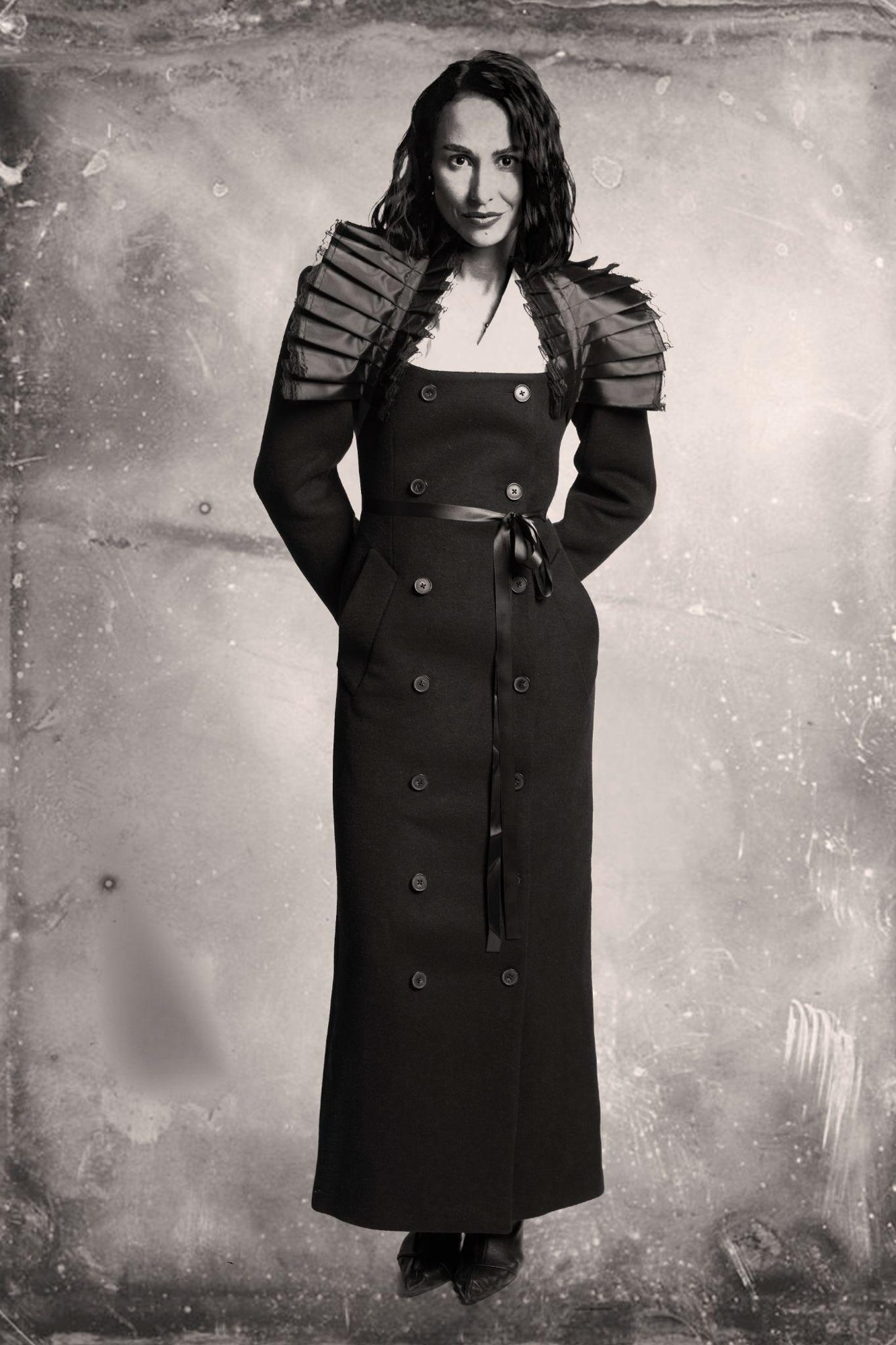 The same look, finished as an editorial tintype portrait on the day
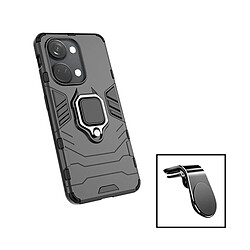 PHONECARE Kit Support Magnétique L Safe Driving Voiture + Coque 3X1 Military Defender pour OnePlus Ace 2V - Noir 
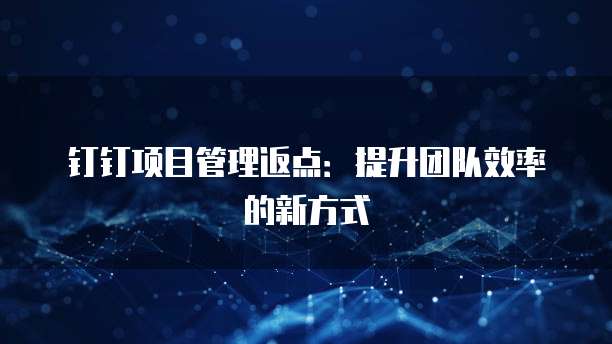 钉钉项目管理返点:提升团队效率的新方式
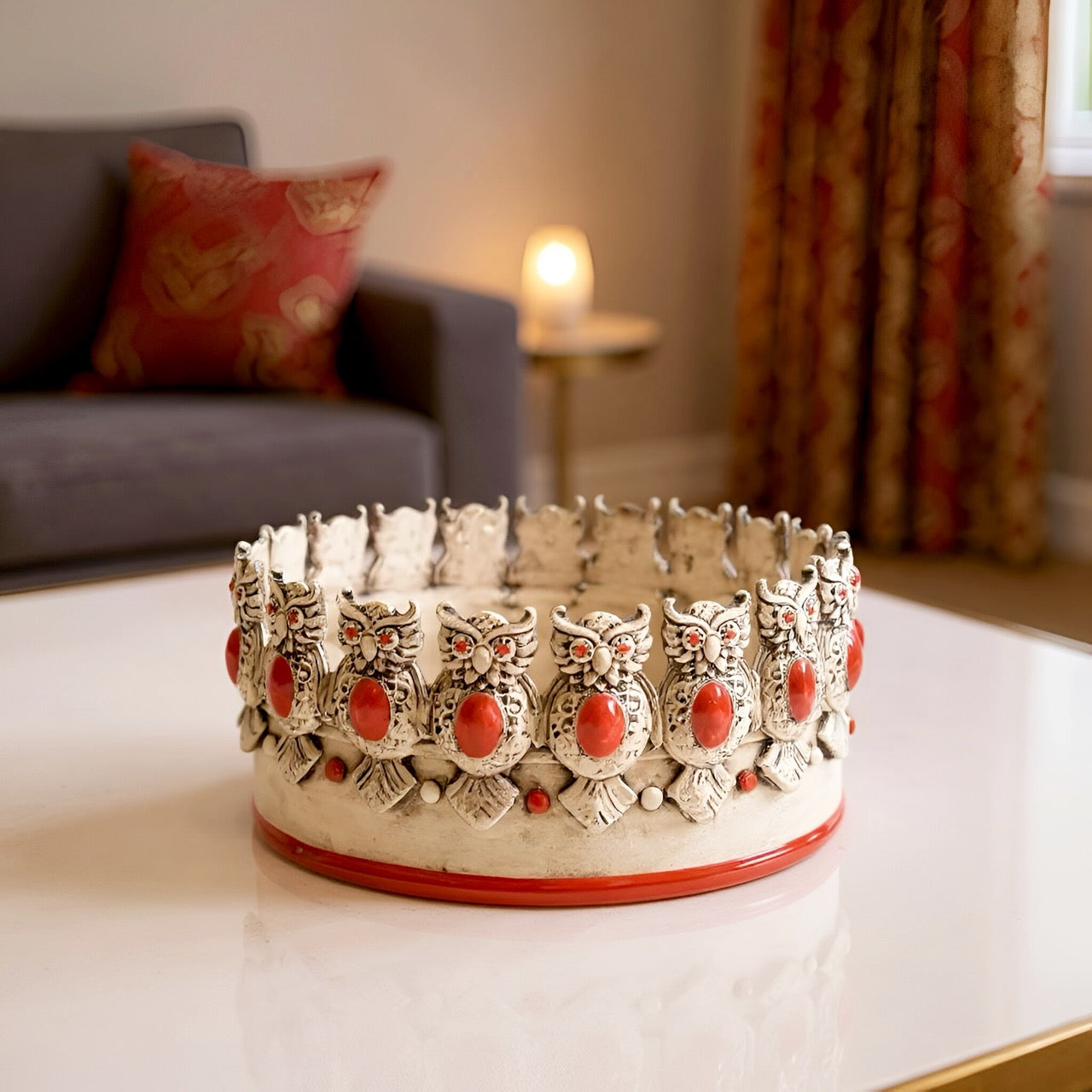 Centrotavola Ø 22 con gufi madreperla antichizzato rosso - Ceramiche di Caltagirone Sofia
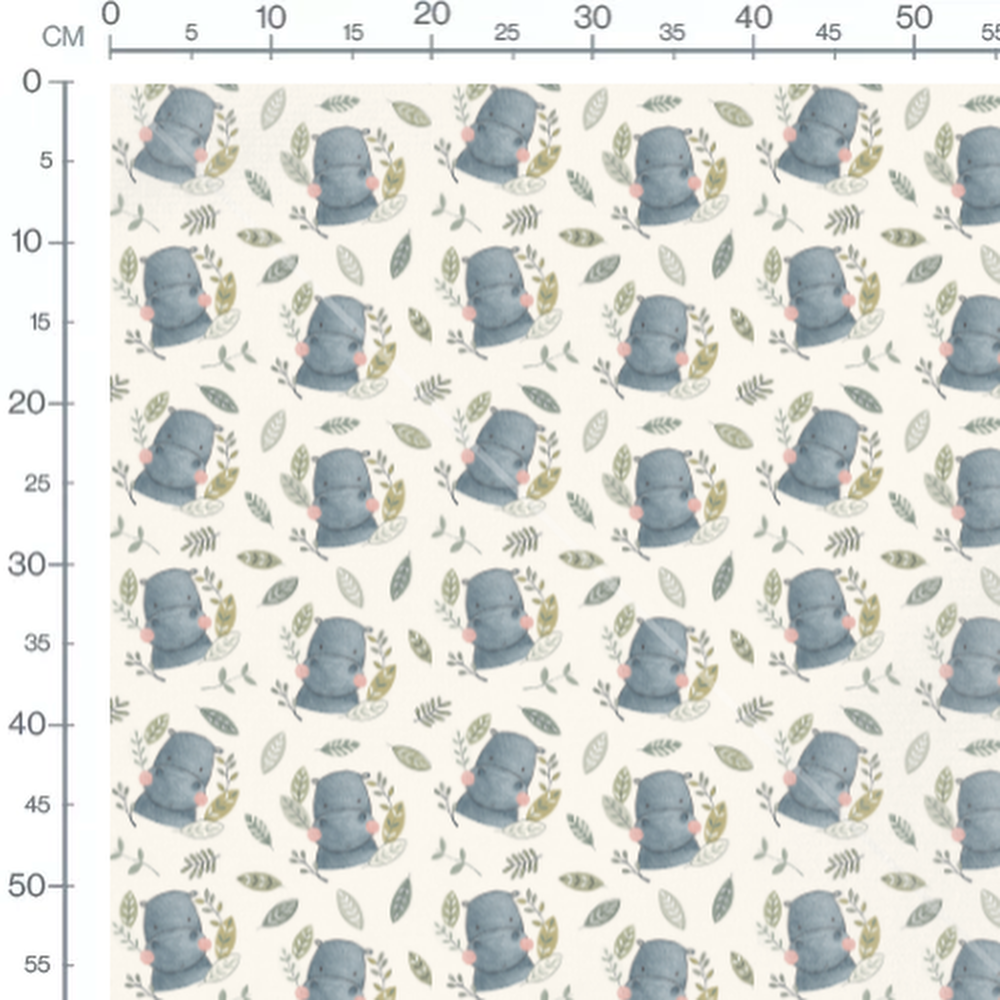 Tissu - Hippopotames et feuillage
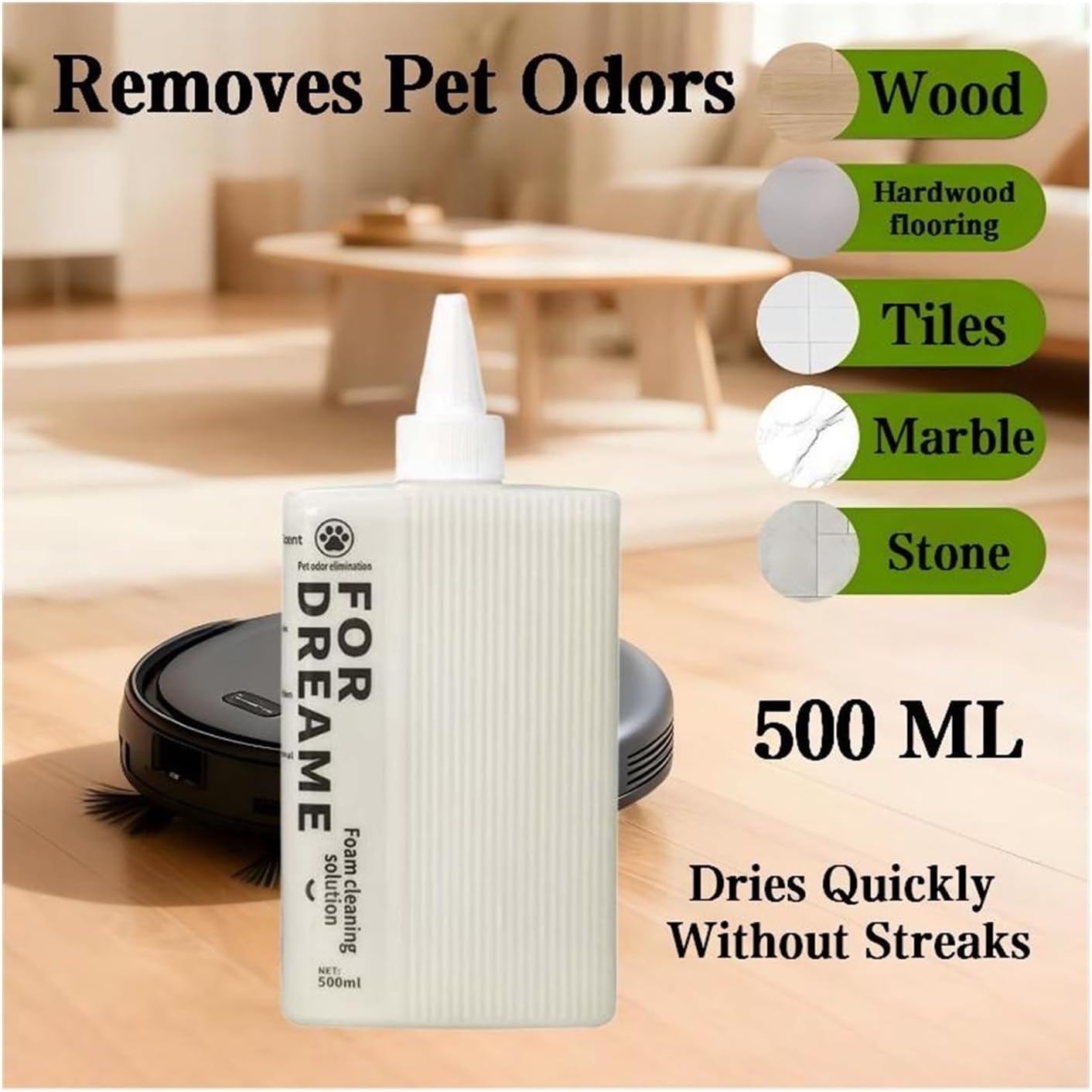 500 ML Vacuum Cleaner Pet Odor Solution. Compatible With Dreame H30, H20, H30 Ultra Max, H20pro, H20 Ultra, H30 Ultra, H14, H14pro, H14 Dual(5pcs)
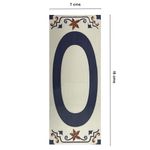 Muro Cerámico Decorativo Número 0 Color Azul de 7 x 18 cm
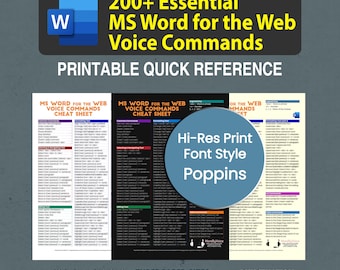 Poppins Dyslexia Friendly Font - Word for the Web Voice Commands Cheat Sheet - For Windows & Mac Users - Contrast Friendly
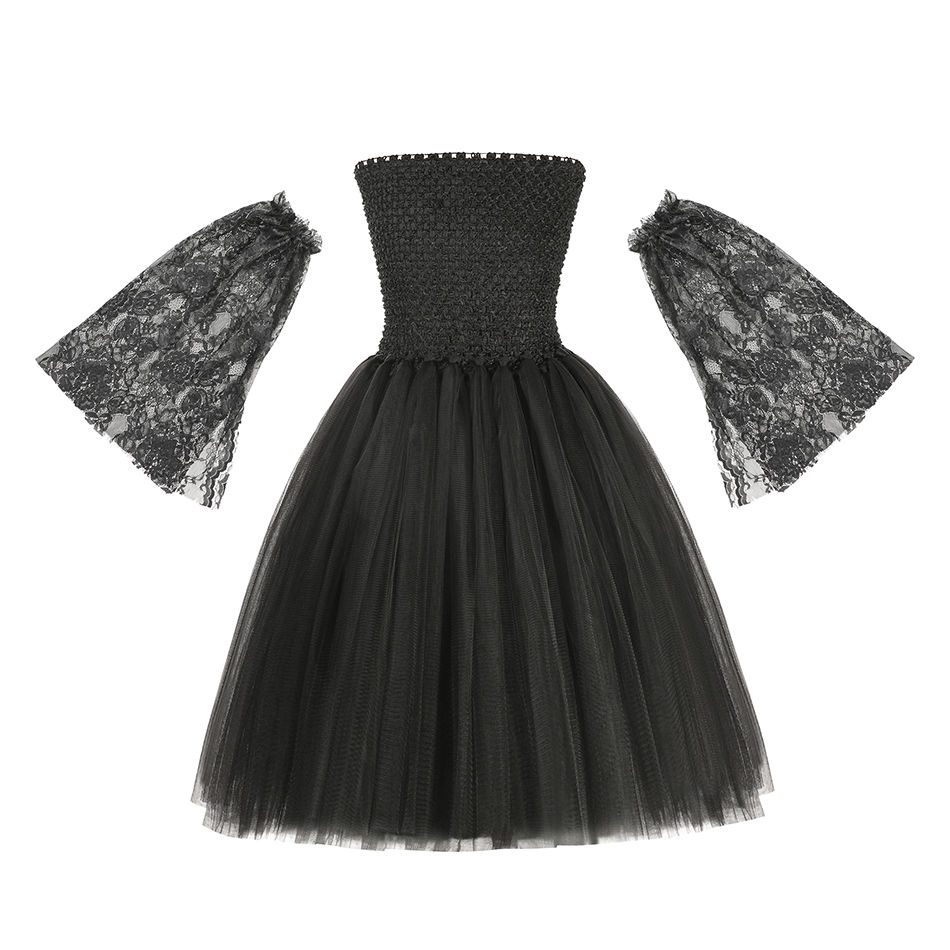 Thumbnail: Maleficent Dark Queen Halloween Witch Girl Costume Deluxe Black Glam Vestidos Pa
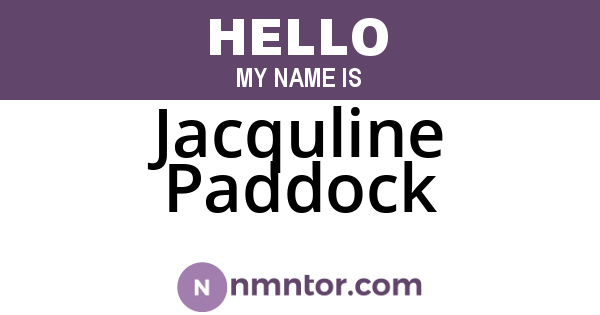 Jacquline Paddock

################

Exercise – Excluding the pictures, restate the records above word for word.

Reply –
 The same look, finished as an editorial tintype portrait on the day
 PHONECARE Kit Support Magnétique L Safe Driving Voiture + Coque 3X1 Military Defender pour OnePlus Ace 2V - Noir 
 钉钉项目管理返点:提升团队效率的新方式
 Centrotavola Ø 22 con gufi madreperla antichizzato rosso - Ceramiche di Caltagirone Sofia
 Tissu - Hippopotames et feuillage
 500 ML Vacuum Cleaner Pet Odor Solution. Compatible With Dreame H30, H20, H30 Ultra Max, H20pro, H20 Ultra, H30 Ultra, H14, H14pro, H14 Dual(5pcs)
 Muro Cerámico Decorativo Número 0 Color Azul de 7 x 18 cm
 Poppins Dyslexia Friendly Font - Word for the Web Voice Commands Cheat Sheet - For Windows & Mac Users - Contrast Friendly
 Thumbnail: Maleficent Dark Queen Halloween Witch Girl Costume Deluxe Black Glam Vestidos Pa
 Jacquline Paddock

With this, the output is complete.